There was relief: Maybe I’m not the only one mourning.
And finally, it hit me. He had been mourning the whole time. He was just as broken as I was. But despite the stereotypical manly vs womanly ways of showing grief, we had different childhoods and upbringings and his way of dealing with something that hard, something that could break him, was to turn it off. He needed to not think about it. He needed time to process it without pressure and without guilt. And I had not given him that at all. All I had done was make him the bad guy in a situation where there was no one to blame, and no winners. We both lost something huge, and I got angry because my husband didn’t grieve the same way I did. I felt like the worst person in the world.
So I went in and just sat in his lap and hugged him. We cried together, and I don’t remember if we talked at all, but I felt a change then and I hope he did too. I wasn’t angry anymore. From then on, I took his cue and I didn’t talk about it to him. I knew he needed time, so I let him have it.

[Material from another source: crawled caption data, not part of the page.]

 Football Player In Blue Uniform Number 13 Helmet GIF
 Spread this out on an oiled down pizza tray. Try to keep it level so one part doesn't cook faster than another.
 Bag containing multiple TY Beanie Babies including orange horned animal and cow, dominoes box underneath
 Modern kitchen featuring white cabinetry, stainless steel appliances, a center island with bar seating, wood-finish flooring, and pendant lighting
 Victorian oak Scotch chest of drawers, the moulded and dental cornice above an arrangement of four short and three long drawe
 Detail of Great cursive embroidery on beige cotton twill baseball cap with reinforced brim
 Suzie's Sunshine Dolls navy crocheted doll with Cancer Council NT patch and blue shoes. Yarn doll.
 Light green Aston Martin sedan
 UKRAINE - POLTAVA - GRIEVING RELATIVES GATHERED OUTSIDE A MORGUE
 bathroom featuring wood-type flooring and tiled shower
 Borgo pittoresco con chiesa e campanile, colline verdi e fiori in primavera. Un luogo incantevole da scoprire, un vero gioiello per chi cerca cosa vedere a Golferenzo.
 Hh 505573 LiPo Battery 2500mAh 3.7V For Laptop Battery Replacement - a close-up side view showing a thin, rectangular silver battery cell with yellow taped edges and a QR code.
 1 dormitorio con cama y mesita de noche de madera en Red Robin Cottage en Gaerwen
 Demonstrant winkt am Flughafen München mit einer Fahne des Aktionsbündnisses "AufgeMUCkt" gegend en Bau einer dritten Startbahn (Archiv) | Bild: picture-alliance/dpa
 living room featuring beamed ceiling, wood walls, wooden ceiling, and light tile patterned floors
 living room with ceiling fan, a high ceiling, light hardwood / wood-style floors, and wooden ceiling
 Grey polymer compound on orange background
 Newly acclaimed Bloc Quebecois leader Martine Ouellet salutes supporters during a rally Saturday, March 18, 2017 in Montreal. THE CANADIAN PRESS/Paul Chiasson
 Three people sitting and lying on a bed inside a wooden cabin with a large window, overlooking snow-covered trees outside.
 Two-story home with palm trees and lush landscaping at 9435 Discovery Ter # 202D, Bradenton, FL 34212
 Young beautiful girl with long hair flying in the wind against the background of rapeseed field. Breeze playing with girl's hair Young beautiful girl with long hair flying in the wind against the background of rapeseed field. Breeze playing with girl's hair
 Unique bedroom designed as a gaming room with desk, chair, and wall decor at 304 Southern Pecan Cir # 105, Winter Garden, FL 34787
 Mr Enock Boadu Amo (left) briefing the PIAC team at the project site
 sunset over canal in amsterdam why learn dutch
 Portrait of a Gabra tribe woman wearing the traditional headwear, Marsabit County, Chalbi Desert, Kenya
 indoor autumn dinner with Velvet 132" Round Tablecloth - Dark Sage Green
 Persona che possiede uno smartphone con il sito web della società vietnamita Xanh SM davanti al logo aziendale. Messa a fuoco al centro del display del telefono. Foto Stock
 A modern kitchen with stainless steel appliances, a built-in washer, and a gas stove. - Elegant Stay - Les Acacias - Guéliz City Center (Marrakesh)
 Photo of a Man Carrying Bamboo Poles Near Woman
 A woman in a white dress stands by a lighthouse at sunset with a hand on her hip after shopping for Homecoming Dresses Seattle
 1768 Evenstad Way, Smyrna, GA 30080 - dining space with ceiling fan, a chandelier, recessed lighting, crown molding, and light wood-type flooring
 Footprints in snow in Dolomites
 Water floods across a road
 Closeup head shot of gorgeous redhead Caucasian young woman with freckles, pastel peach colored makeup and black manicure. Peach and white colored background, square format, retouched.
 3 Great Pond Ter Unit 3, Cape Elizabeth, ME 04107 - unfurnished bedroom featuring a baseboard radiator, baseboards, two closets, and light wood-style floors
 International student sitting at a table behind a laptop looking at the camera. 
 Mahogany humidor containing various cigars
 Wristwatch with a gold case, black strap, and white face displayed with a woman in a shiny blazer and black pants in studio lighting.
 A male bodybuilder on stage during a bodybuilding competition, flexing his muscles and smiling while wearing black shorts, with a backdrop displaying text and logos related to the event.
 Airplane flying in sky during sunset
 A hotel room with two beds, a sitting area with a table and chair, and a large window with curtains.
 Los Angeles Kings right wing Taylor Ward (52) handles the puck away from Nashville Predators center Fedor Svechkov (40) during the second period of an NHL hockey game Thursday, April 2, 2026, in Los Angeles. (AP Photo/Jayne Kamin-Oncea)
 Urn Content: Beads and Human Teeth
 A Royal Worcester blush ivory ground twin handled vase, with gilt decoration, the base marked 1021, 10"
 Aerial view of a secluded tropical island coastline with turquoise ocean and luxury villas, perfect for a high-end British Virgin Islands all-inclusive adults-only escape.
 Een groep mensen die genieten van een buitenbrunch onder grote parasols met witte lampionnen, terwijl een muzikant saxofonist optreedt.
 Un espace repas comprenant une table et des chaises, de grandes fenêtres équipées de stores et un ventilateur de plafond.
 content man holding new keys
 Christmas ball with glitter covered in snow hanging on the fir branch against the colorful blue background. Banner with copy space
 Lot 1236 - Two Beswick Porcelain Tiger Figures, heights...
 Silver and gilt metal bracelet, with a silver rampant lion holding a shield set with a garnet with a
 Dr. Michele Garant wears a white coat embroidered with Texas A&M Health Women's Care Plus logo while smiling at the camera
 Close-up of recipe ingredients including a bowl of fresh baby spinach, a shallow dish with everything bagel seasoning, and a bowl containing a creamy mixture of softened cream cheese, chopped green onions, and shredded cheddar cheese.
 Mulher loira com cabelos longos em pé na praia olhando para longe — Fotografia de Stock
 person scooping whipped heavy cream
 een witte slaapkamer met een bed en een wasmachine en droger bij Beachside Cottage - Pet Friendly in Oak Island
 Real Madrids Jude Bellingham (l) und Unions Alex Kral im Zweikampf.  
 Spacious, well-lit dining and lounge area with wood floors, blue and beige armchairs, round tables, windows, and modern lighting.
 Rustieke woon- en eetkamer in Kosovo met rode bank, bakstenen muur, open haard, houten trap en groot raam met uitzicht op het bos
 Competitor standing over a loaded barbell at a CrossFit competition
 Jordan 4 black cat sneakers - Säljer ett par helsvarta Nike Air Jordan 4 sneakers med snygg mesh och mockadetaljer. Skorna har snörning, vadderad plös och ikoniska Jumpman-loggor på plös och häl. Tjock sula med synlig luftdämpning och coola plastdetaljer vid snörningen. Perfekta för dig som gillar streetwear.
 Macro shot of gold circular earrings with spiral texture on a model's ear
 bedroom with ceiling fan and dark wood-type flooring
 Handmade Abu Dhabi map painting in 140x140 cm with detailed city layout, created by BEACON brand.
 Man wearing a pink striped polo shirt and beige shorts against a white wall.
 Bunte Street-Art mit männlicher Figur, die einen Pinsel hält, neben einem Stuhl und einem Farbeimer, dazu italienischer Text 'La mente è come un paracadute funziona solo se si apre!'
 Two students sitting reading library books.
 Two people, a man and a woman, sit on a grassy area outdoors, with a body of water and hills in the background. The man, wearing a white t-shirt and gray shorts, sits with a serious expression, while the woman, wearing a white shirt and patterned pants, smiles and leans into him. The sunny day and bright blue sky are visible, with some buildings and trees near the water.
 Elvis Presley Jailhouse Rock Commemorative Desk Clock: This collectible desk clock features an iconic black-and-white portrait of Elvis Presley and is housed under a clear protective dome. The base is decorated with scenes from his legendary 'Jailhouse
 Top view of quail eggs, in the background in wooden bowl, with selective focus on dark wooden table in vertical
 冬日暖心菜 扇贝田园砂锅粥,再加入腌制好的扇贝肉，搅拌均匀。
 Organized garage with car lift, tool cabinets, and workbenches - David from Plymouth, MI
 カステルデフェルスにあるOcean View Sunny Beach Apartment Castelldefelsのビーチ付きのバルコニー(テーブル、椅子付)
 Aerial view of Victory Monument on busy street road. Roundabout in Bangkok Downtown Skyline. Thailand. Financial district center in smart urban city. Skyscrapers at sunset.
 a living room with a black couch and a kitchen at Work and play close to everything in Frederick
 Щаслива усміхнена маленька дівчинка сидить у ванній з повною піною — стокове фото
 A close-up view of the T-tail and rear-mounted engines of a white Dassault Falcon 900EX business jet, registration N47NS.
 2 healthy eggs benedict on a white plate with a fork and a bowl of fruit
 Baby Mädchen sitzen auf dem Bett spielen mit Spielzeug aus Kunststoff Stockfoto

And we did talk about it eventually. When he was ready, we talked about whether we thought the baby was a boy or a girl, and agreed we both thought it was a girl. (It was way too soon to tell, and we went with our gut, that’s all.) We gave her a name and I often visited the spot in the backyard where I buried her.
Now, we can almost talk about her without tears. Now we imagine her waiting for us in Heaven, and we have imagined what she would look like today. I think she would have had curly light brown hair like I did as a little girl, blue eyes like her daddy, and the cute little button nose that our next daughter has. Her name is Kaelyn Anne and we will never forget her, even though our time with her was short.
But the message I want to get across specifically is this. Going through a miscarriage is one of the worst things someone could ever experience. Don’t do what I did. Don’t shut out the person in it with you. And remember, people grieve differently. Respect that, both of you, and stick together. Your marriage deserves that. You deserve that. And you are not alone.